Write out the entries below exactly, but only from the line containing "纹身秀图吧推荐一幅猫头鹰刺青手稿图案" through the line containing "image:imageMakeMeChic Womens Maternity", and without the pictures.
(The data Opens)
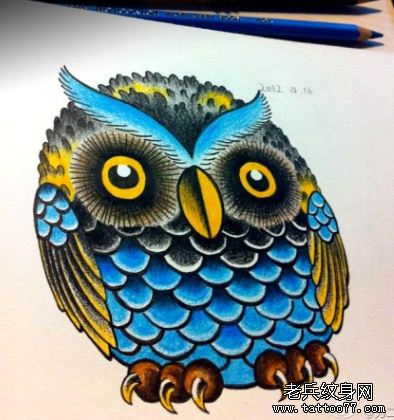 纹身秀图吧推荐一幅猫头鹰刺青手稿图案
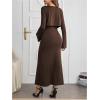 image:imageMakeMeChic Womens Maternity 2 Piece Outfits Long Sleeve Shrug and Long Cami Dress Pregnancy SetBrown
(The data Closes)
(The data Opens)
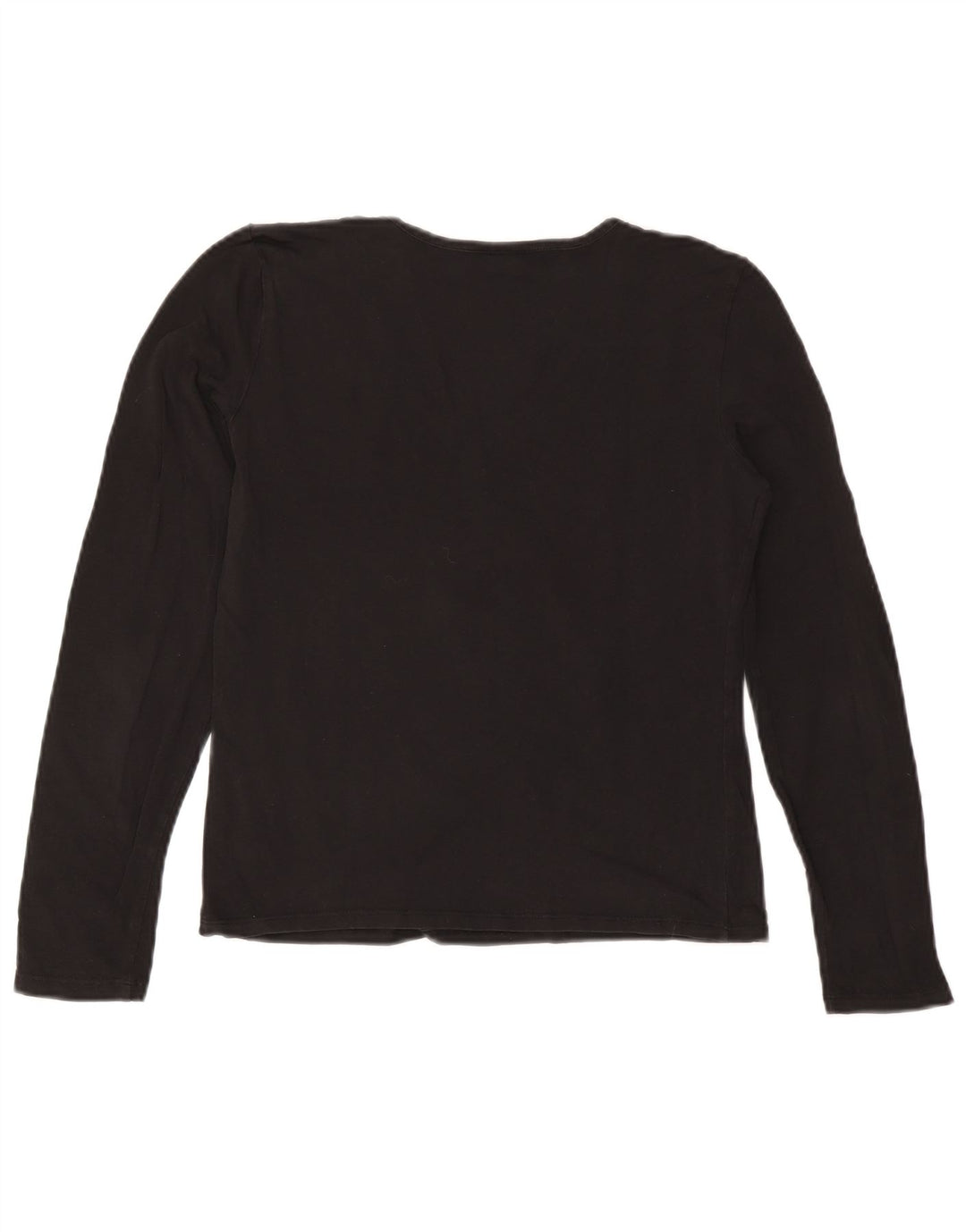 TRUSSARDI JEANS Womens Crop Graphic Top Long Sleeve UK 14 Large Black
(The data Closes)
#### [Expected answer]
 纹身秀图吧推荐一幅猫头鹰刺青手稿图案
 image:imageMakeMeChic Womens Maternity 2 Piece Outfits Long Sleeve Shrug and Long Cami Dress Pregnancy SetBrown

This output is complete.